Now in your case, you have exactly $8$ known coordinates, so at first glance you might be able to determine the rest. But when you look closer, you will see that $x_4-x_3=x_6-x_5$ is one condition for the rectangle, but all four of these numbers are known to you. So one of the numbers you know could be deduced, which means that you have insufficient information to fully determine the rectangle.
So you could say $y_5=a, z_3=b$ and conclude $y_6=y_5-y_3+y_4$ and $z_4=z_3-z_5+z_6$. Using the orithogonality, you'd get one more condition, which would bring you back to a one-parameter family of possible solutions. So let's look more closely at that orthogonality.

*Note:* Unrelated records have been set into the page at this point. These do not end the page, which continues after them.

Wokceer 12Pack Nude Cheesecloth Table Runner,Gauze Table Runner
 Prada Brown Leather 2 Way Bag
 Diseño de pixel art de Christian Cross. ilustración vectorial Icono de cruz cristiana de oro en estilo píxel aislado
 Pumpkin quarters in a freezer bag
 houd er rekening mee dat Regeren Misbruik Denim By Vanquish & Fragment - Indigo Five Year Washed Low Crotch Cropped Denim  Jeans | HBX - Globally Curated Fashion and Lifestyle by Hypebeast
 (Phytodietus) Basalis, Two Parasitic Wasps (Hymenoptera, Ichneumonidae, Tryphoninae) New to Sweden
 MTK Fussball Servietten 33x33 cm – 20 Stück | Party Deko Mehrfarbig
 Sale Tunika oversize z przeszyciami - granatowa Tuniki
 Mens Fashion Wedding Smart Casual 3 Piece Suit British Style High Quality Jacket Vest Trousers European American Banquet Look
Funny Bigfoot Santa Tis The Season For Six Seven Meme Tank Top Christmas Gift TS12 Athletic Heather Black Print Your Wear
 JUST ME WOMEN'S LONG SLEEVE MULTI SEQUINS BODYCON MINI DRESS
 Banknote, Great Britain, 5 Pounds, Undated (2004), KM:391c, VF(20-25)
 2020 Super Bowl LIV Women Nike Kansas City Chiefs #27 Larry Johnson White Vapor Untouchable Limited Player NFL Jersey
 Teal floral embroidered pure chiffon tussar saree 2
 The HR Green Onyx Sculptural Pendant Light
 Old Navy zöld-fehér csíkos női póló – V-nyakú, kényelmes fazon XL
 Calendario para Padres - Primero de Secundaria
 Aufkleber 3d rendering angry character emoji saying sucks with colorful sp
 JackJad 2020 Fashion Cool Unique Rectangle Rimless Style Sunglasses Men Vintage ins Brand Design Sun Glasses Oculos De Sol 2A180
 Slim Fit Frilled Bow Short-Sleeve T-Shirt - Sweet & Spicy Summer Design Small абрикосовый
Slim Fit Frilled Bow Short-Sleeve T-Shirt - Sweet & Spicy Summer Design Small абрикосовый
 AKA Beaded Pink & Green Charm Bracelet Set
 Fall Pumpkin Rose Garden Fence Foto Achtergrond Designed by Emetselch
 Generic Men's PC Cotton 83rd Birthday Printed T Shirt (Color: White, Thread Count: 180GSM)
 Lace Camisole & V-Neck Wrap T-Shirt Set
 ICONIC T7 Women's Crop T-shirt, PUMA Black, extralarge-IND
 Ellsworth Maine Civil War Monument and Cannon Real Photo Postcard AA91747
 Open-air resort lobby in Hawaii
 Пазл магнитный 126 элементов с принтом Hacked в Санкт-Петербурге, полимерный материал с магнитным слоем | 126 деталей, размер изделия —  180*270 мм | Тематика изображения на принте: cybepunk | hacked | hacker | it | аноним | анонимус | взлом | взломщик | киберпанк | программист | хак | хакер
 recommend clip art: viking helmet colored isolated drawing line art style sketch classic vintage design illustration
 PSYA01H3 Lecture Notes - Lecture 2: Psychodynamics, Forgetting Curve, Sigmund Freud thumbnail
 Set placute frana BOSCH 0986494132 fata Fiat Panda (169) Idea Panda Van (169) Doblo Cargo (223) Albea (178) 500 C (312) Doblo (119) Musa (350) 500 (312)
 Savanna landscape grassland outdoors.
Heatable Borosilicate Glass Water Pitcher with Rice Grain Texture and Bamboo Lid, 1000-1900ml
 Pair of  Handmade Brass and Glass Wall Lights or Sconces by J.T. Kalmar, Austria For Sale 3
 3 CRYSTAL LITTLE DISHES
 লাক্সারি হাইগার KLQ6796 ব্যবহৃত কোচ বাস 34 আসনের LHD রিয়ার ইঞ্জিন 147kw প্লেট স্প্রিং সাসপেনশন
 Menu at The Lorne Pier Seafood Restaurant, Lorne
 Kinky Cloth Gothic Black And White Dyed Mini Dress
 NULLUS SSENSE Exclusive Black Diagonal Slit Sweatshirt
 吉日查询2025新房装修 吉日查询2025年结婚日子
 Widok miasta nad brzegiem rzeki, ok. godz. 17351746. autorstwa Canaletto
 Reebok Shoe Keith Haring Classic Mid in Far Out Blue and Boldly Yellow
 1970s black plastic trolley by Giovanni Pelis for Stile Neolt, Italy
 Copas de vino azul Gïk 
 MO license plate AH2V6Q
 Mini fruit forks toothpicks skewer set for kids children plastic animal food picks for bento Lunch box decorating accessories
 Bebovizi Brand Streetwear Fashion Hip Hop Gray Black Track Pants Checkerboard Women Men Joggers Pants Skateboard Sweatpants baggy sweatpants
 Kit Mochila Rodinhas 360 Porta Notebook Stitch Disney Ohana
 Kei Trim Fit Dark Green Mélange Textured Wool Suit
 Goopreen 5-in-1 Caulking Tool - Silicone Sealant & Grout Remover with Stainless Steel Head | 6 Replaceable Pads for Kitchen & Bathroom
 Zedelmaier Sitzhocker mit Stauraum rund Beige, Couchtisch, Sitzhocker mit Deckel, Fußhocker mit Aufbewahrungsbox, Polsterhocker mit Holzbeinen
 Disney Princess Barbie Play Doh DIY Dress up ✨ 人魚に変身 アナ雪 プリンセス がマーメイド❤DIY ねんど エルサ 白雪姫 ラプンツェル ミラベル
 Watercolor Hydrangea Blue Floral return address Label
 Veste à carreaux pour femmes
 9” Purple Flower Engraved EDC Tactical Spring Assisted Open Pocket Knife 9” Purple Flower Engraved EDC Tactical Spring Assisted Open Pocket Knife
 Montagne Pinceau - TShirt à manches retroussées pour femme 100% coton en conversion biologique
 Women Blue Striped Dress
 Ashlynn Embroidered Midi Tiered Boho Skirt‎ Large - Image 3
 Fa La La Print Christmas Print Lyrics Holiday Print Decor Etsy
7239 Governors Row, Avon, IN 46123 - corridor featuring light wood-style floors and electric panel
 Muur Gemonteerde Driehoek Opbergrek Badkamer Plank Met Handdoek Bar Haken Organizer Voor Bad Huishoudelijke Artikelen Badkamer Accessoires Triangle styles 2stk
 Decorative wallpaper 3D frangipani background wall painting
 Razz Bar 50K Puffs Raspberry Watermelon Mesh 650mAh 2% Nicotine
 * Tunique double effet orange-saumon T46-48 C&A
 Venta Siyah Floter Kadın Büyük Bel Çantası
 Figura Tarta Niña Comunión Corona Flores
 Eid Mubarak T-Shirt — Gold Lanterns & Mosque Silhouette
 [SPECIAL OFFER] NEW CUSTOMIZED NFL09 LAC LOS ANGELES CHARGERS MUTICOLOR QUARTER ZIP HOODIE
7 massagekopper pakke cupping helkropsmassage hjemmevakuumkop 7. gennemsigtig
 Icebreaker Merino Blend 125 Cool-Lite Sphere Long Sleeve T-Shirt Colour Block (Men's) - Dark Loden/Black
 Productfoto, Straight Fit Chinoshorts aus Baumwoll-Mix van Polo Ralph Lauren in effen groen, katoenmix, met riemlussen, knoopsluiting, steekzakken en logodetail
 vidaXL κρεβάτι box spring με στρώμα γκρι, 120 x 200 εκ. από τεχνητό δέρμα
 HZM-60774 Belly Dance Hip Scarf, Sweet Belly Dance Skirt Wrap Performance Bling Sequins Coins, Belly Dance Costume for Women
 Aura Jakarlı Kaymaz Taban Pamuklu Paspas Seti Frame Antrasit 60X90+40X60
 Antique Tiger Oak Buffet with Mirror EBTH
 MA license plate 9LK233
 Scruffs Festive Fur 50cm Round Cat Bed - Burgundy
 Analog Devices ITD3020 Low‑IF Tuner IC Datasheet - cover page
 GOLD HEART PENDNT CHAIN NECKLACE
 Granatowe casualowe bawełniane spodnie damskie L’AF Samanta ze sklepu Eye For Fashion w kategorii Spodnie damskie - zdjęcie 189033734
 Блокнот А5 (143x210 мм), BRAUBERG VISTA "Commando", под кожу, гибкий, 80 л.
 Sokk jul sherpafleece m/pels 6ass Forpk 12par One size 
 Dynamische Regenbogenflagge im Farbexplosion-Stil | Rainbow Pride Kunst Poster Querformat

$$ A=\begin{pmatrix}x_3\\y_3\\b\end{pmatrix}\qquad v=\begin{pmatrix}x_4-x_3=x_6-x_5\\y_4-y_3\\z_6-z_5\end{pmatrix}\qquad w=\begin{pmatrix}x_5-x_3=x_6-x_4\\a-y_3\\z_5-b\end{pmatrix}$$
So your condition would be
$$(x_4-x_3)(x_5-x_3)+(y_4-y_3)(a-y_3)+(z_6-z_5)(z_5-b)=0$$
This will be a linear equation, something of the form $ca+db+e=0$ for $c,d,e\in\mathbb R$ which you can compute. So you simply write $b=-\frac{ca+e}{d}$ and end up with a single variable $a$ which describes all your possible rectangles.
We know $P_5P_6=P_3P_4$, so $P_{4z}-P_{3z}=P_{6z}-P_{5z}$ and $P_{4y}-P_{3y}=P_{6y}-P_{5y}$. As a check, we should have $P_{4x}-P_{3x}=P_{6x}-P_{5x}$.
We also know $P_5P_6$ is perpendicular to $P_3P_5$, so $$(P_{5x}-P_{3x})(P_{6x}-P_{5x})+(P_{5y}-P_{3y})(P_{6y}-P_{5y})+(P_{5z}-P_{3z})(P_{6z}-P_{5z})=0$$
That is only three equations in four unknowns, so you need one more equation.
I want to rewrite the equations without subscripts. $$P5(a,x,b), P6(a+c,x+f-e,b+d),P3(a+e,e,b+y), P4(a+c+e,f,b+d+y)$$ where $a$ to $f$ are known, but $x$ and $y$ are not. The last equation becomes $ce+(f-e)(e-x)+dy=0$. Pick any value for $x$, and then $y=(e-f)(e-x)-ce)/d$.